■ **What you are asked to do**
An exact copy of each record is required.

■ **Record excerpts**
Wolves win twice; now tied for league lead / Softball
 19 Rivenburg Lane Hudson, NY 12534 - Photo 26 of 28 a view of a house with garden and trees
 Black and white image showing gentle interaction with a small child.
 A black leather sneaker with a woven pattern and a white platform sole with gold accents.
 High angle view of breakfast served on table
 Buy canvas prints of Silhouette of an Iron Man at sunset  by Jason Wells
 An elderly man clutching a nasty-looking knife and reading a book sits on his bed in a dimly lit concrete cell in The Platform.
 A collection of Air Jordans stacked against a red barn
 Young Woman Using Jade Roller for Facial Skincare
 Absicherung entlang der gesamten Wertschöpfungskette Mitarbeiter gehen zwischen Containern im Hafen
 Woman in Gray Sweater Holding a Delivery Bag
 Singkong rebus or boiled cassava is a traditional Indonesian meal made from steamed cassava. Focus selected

■ **Result**
Wolves win twice; now tied for league lead / Softball
 19 Rivenburg Lane Hudson, NY 12534 - Photo 26 of 28 a view of a house with garden and trees
 Black and white image showing gentle interaction with a small child.
 A black leather sneaker with a woven pattern and a white platform sole with gold accents.
 High angle view of breakfast served on table
 Buy canvas prints of Silhouette of an Iron Man at sunset  by Jason Wells
 An elderly man clutching a nasty-looking knife and reading a book sits on his bed in a dimly lit concrete cell in The Platform.
 A collection of Air Jordans stacked against a red barn
 Young Woman Using Jade Roller for Facial Skincare
 Absicherung entlang der gesamten Wertschöpfungskette Mitarbeiter gehen zwischen Containern im Hafen
 Woman in Gray Sweater Holding a Delivery Bag
 Singkong rebus or boiled cassava is a traditional Indonesian meal made from steamed cassava. Focus selected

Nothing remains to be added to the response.